Occasional dips and downturns reflected factors such as interest rates, unemployment and prices cooling off after a boom, he said.


“When you are in the middle of a cycle, you don’t think too much about what it was like three years ago and you don’t know what it’s going to be like in another three years,” Mr Sanders said.

“Property is a long-term investment — it’s not about buying now and selling in two or three years to take a profit. Some do that if they hit the right cycle at the right time, but it’s luck.”

Mr Sanders said while the auction market grabbed the most headlines, it accounted for less than 40 per cent of overall sales.

“Most sales are private sales negotiated by agents — there’s no theatre so you don’t get as much reporting,” he said.

“Things just keep ticking along.

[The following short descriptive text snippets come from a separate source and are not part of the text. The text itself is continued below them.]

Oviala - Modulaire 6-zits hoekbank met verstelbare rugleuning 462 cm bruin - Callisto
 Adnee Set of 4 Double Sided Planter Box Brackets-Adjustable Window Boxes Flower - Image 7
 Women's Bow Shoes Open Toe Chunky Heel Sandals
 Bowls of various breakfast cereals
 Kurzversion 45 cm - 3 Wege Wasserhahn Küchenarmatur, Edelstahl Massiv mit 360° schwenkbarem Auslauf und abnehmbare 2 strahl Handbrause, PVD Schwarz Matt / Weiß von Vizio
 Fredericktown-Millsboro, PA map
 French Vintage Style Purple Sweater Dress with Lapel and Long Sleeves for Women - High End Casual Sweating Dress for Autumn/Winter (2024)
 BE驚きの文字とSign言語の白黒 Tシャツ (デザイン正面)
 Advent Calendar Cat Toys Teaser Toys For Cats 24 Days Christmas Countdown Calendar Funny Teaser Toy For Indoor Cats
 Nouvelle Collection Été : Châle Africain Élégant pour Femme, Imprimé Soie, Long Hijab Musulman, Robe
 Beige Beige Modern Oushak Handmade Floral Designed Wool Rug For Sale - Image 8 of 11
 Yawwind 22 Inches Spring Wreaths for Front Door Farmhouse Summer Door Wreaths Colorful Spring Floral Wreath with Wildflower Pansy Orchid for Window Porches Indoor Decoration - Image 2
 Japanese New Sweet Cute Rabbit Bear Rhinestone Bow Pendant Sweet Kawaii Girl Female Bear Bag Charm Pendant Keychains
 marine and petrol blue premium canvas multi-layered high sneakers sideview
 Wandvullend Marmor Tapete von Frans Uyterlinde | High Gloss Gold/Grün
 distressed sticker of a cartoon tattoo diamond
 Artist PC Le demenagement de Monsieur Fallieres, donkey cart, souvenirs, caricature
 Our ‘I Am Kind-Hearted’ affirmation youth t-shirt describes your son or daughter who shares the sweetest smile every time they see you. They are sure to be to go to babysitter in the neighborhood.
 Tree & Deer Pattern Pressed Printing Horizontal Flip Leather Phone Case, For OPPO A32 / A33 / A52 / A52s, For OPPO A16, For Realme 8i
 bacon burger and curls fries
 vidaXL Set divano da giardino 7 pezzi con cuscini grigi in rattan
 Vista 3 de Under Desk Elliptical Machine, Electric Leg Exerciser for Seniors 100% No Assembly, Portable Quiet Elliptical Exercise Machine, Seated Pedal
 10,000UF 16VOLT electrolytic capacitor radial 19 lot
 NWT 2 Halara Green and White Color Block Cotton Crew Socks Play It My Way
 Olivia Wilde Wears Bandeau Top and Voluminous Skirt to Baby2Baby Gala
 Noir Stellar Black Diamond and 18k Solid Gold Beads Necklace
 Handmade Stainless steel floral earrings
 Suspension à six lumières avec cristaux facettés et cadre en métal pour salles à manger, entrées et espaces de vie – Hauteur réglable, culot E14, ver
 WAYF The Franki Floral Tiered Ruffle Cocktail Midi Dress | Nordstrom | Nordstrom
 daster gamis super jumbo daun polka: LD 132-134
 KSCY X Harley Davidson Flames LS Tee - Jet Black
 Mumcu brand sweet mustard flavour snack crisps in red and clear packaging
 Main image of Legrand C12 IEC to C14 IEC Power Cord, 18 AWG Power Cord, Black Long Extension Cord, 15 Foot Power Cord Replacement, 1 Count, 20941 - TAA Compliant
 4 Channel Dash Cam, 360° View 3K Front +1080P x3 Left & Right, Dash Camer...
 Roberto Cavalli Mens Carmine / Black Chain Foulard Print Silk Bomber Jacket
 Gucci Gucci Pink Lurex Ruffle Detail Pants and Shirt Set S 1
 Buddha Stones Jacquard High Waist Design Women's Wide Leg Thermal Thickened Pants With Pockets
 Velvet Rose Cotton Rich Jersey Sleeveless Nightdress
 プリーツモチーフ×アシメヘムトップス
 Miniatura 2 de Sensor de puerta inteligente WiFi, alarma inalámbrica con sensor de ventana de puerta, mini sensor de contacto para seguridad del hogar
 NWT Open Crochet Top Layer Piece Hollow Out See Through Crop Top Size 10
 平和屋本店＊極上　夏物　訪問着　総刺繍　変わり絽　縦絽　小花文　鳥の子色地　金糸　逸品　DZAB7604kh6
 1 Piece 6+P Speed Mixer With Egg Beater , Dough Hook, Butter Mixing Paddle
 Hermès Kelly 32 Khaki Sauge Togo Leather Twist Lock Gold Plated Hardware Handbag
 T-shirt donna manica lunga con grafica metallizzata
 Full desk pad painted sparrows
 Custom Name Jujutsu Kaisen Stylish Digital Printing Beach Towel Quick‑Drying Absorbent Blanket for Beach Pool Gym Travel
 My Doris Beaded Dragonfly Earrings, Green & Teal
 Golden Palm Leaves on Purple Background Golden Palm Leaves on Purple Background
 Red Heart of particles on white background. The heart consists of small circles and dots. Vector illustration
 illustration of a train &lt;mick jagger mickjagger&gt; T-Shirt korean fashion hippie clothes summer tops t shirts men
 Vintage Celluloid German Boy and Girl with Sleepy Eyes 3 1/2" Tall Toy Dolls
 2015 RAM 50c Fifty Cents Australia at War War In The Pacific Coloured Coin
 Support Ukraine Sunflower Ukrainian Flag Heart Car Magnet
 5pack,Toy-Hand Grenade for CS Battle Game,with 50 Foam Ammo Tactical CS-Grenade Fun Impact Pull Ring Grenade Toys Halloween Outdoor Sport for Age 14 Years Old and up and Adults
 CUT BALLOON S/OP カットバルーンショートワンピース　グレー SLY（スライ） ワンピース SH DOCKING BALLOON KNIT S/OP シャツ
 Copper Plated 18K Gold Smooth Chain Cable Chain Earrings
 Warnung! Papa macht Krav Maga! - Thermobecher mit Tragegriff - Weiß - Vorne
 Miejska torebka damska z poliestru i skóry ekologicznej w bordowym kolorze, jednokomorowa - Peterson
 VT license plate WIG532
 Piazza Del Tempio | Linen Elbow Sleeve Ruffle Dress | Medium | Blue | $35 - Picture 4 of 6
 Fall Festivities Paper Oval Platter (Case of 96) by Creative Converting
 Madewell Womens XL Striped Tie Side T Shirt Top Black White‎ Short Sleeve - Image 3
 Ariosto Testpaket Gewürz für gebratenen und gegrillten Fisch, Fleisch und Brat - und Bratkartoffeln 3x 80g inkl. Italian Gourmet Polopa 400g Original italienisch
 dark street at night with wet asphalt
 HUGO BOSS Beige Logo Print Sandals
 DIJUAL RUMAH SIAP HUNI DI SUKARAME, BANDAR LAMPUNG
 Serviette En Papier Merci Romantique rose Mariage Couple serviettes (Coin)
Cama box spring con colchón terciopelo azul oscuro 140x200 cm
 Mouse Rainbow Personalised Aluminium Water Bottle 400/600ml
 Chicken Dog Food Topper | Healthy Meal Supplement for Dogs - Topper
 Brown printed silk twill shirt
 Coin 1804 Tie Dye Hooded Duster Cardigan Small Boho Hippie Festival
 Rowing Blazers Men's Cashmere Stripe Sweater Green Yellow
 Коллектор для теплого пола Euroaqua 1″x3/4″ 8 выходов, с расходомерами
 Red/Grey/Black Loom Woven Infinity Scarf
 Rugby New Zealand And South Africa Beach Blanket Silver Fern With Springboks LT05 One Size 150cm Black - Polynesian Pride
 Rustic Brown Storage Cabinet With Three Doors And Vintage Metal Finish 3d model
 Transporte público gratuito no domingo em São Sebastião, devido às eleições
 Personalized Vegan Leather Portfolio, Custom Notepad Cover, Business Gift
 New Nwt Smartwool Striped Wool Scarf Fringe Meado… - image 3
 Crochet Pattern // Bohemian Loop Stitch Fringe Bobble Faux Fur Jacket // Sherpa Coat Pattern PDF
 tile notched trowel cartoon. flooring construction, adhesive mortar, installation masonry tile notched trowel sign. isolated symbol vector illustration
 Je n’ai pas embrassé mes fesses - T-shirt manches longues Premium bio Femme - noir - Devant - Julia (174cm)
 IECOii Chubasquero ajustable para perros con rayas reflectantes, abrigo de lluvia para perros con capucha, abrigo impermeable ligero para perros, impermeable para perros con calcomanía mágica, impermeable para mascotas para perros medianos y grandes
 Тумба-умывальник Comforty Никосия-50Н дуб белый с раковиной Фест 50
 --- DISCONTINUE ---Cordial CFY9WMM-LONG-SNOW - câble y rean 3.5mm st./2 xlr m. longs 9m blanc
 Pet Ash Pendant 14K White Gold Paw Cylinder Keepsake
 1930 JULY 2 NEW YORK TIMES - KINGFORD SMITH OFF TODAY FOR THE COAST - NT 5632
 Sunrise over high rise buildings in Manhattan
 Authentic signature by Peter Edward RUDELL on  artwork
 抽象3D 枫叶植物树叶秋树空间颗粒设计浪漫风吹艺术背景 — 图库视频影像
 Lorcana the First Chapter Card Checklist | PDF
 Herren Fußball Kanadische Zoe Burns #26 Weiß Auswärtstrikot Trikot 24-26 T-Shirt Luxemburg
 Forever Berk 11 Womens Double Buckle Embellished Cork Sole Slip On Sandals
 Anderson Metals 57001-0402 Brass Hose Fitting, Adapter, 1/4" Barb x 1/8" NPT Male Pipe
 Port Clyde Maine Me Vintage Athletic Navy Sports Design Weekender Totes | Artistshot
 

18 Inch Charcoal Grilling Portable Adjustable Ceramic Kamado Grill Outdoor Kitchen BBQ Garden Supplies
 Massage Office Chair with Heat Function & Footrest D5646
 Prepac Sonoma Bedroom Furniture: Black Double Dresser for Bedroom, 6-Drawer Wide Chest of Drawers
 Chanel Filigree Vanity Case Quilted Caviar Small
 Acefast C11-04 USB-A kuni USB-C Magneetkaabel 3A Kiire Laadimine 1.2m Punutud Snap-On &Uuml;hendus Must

If you hold through a cycle, and through the next one, you get to benefit from that consistent long-term growth.”

BInvested co-founder Nathan Birch said capital city property markets did not move at the same time, which created opportunities for investors.


Mr Birch, who at 31 owns more than 200 properties across three states, bought up big in Sydney during its long period of low and negative returns in the 2000s.


“People say it’s dangerous, but I heard the same stuff in 2003. I heard that I was stupid and was going to go broke,” he said.




Anyone buying real estate needed to have a plan, a strategy and a long-term view, Mr Birch said.


“Researching the market takes up a lot of my time. Knowing what else has sold in the area, for how much and also understanding the neighbourhood, not just the suburb you’re investing in, is essential,” he said.